Did you know that November 20th is Transgender Day of Remembrance?
Transgender Day of Remembrance was first started in November 20th 1999 by Gwendolyn Ann Smith, a transgender advocate, who had held a vigil for Rita Hessler, a transgender women who was killed in 1998¹. What started off as a small annual event grew into a campaign that is observed every year in remembrance of all transgender people who have lost their lives to anti-transgender violence².
Here are some facts about the issues that affect transgender people in the United States:
- About 50% of trans teen males, who were assigned female at birth, had attempted suicide at least once¹. About 30% of trans teen females, who were assigned male at birth, at attempted suicide at least³ .

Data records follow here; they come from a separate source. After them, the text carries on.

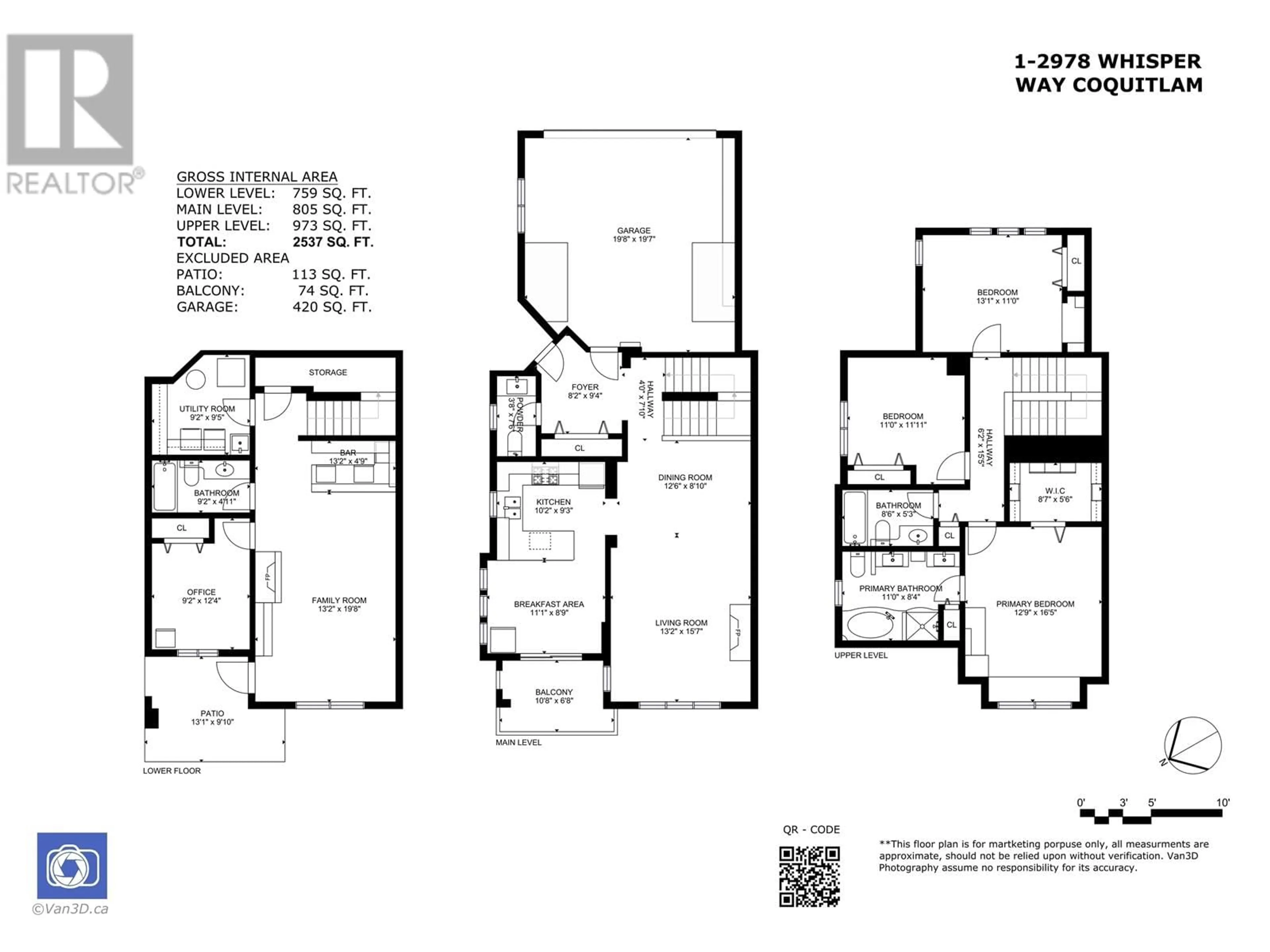 Floor plan for 1 2978 WHISPER WAY, Coquitlam British Columbia V3E3R8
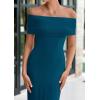 imagePRETTYGARDEN Off The Shoulder Dresses for Women 2025 Summer Elegant Bodycon Formal Cocktail Party Evening Maxi Long DressPeacock Blue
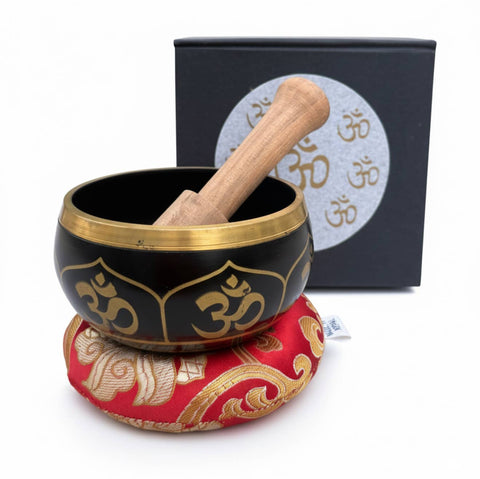 LUNGTA | Tibetan Complete Singing Bowl Gift Box Set Om Etched Bowl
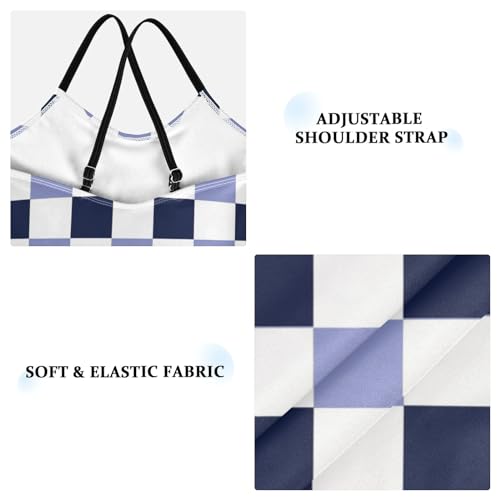 Image of Black and White Chess Girls One Piece Swimsuits Board Marble Tile Sport Halter Swimwear Beach Bathing Suit 3T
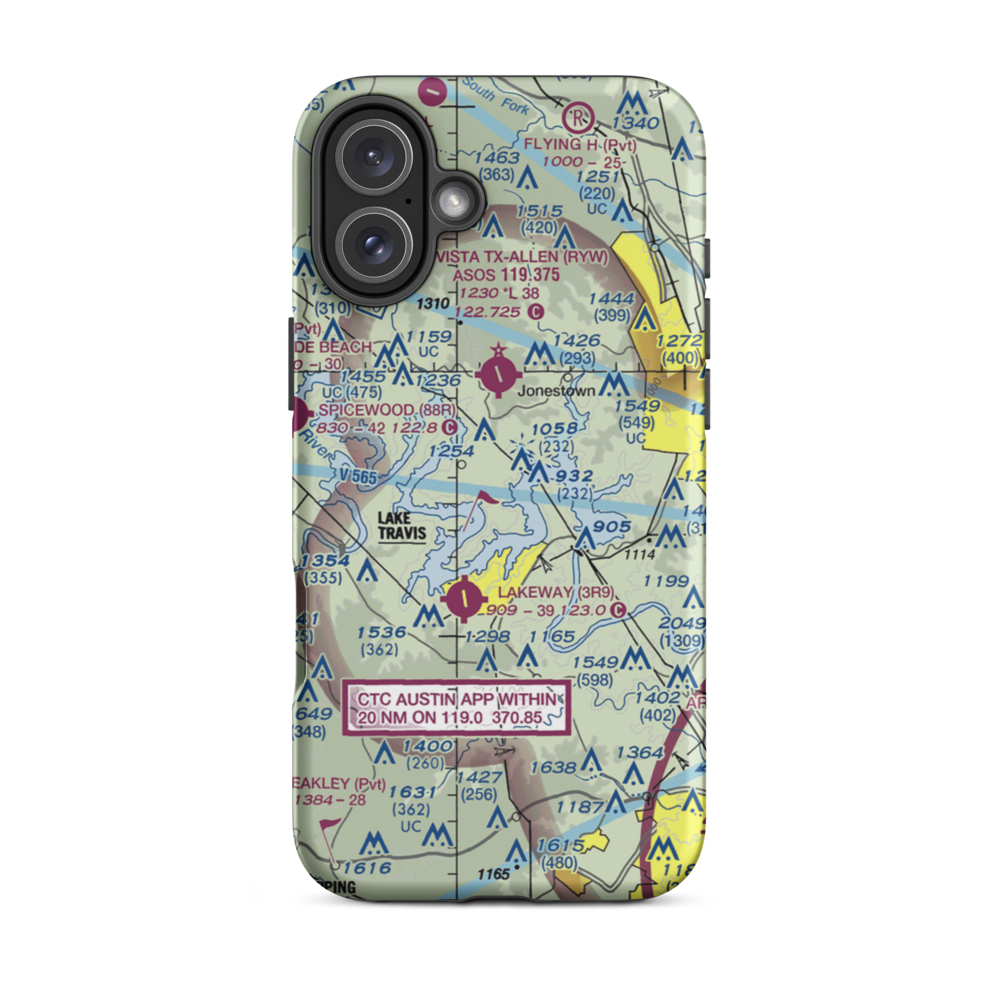Shoreline Ranch Airport (1TX4) VFR Sectional  Tough iPhone Case iPhone 16 Plus model shown
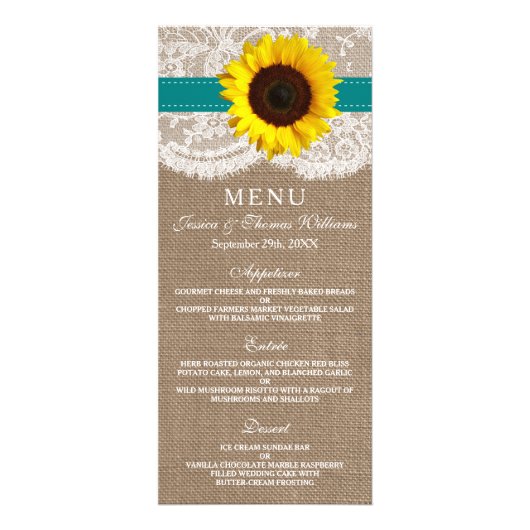 Menu Rustic Sunflower Wedding (Voorkant)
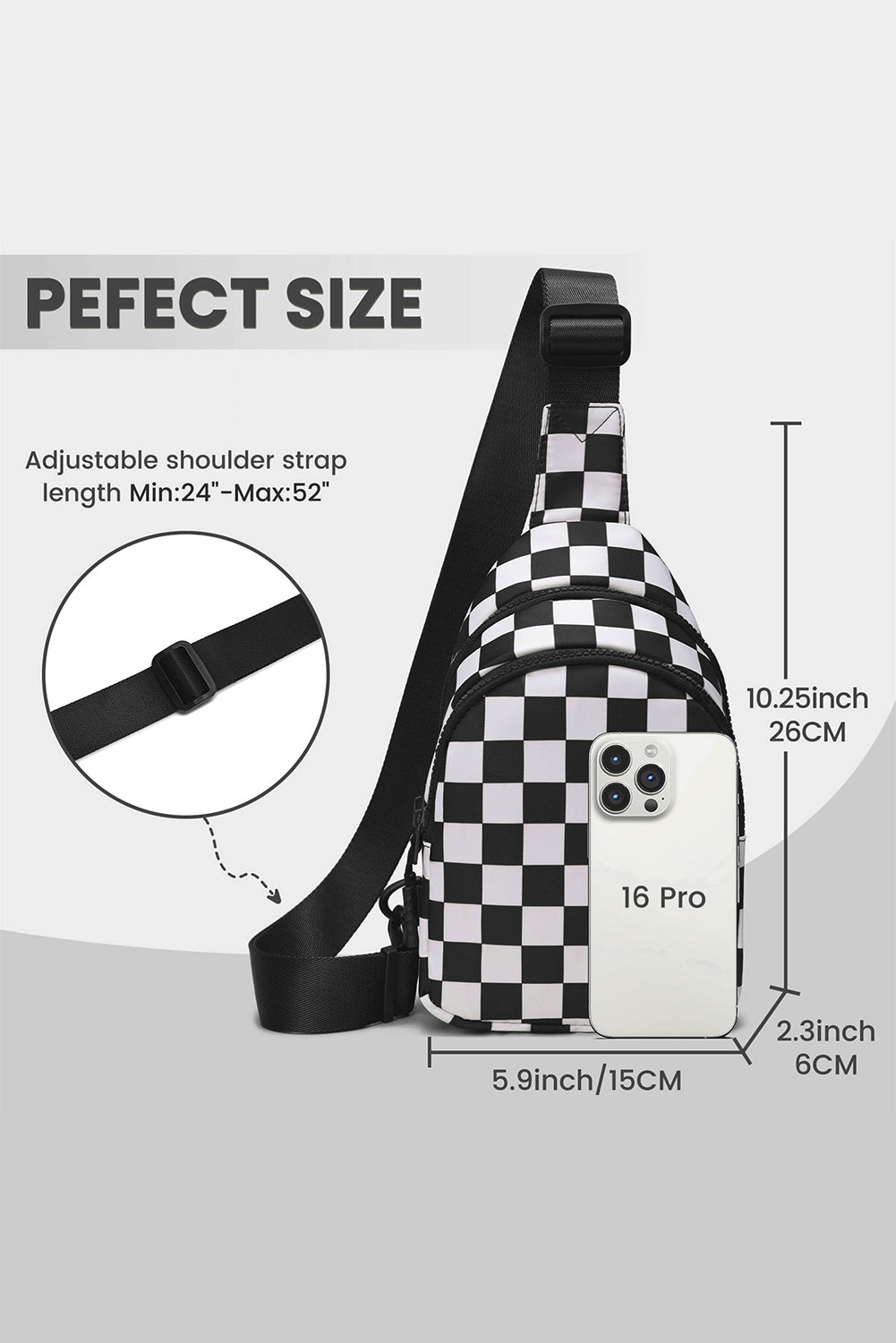 Black Checkered Print Zip Front Sling Backpack Crossbody Bag
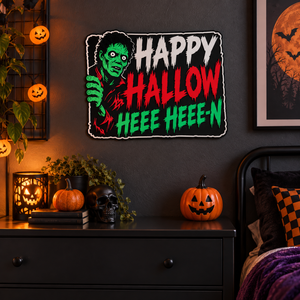 Thriller-inspired Halloween sign displayed in a tween bedroom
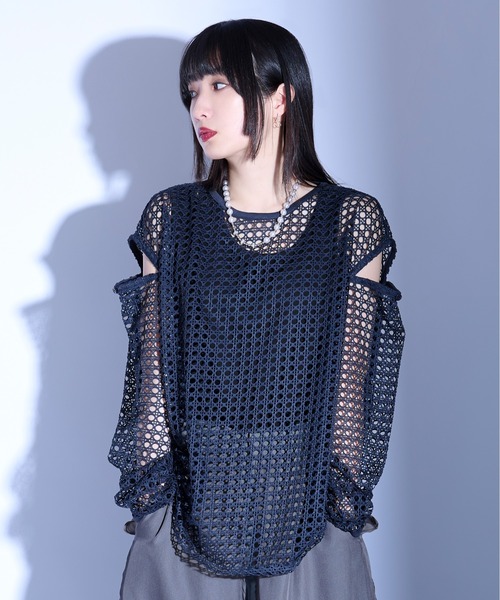 Ellno Loset（エルノロゼット）の「2wayカットアウトメッシュPO（Tシャツ/カットソー・メンズ・ライトグレー/ネイビー/ブラック/ブルー/アイボリー・SMALL/MEDIUM/LARGE）」の4枚目の写真
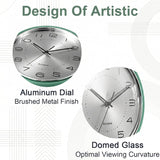 12 Inch Vintage Retro Wall Clock, Silent Non-Ticking Metal Dial & Domed Glass Battery Operated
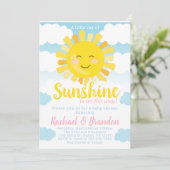 Sunshine Baby Shower Invitation Invite (Standing Front)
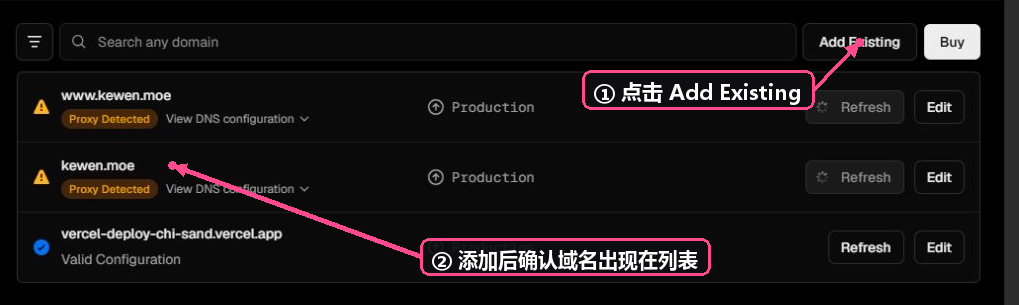 Vercel Domains：箭头标出 Add Existing 与域名列表。
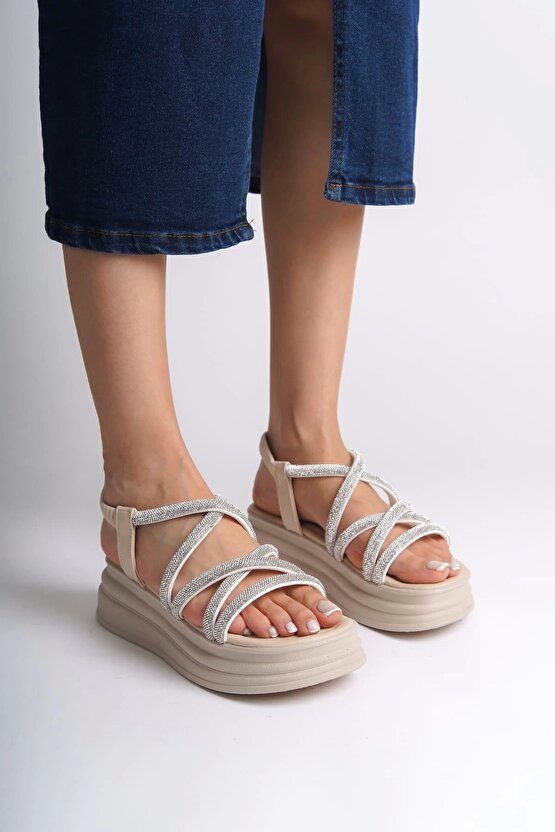 ELENA Lastikli Taşlı Şeritli Ortopedik Taban Kadın Sandalet CKT - Krem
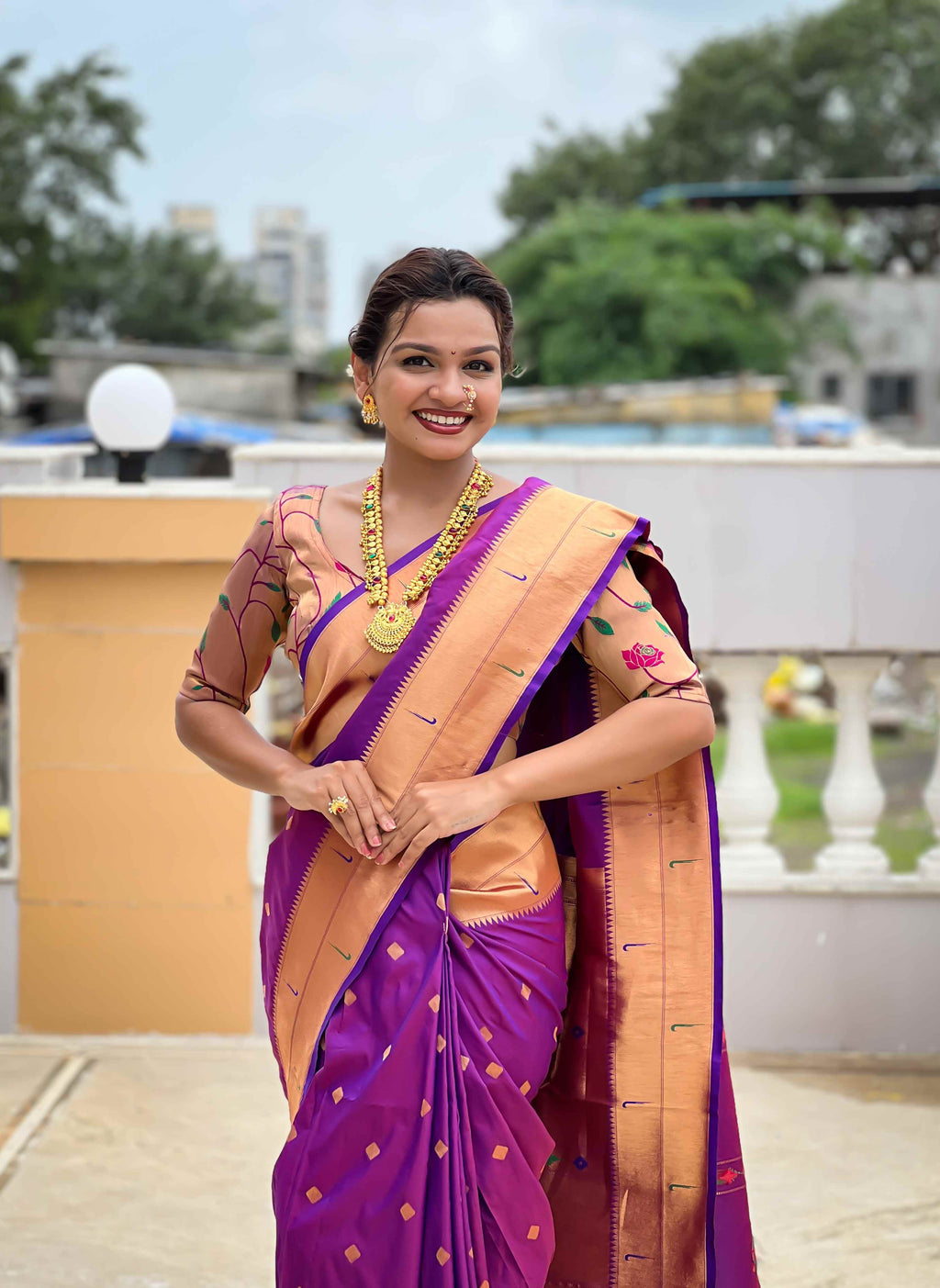 Purple Paithani Silk Saree with Zari Weaving, Meenakari Pallu & Double Munia Border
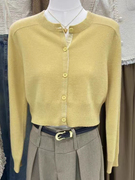 春季甜美黄色长袖，上衣韩国东大门休闲宽松针织开衫短款毛衣女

- 26 states do not have any laws preventing employers from firing someone who is trans⁴.
- At least 22 people who identify as transgender or non-conforming have died this year due to violence ³.
While we as a country have made strides creating a safe environment for LGBTQI+ community, there is still a lot of work needed to ensure that everyone feels comfortable both in their personal and professional life.
Last June, in honor of Pride Month, we invited Jessica Soukup to speak at the office on how to be LGBTQ+ allies and how we all can make a difference.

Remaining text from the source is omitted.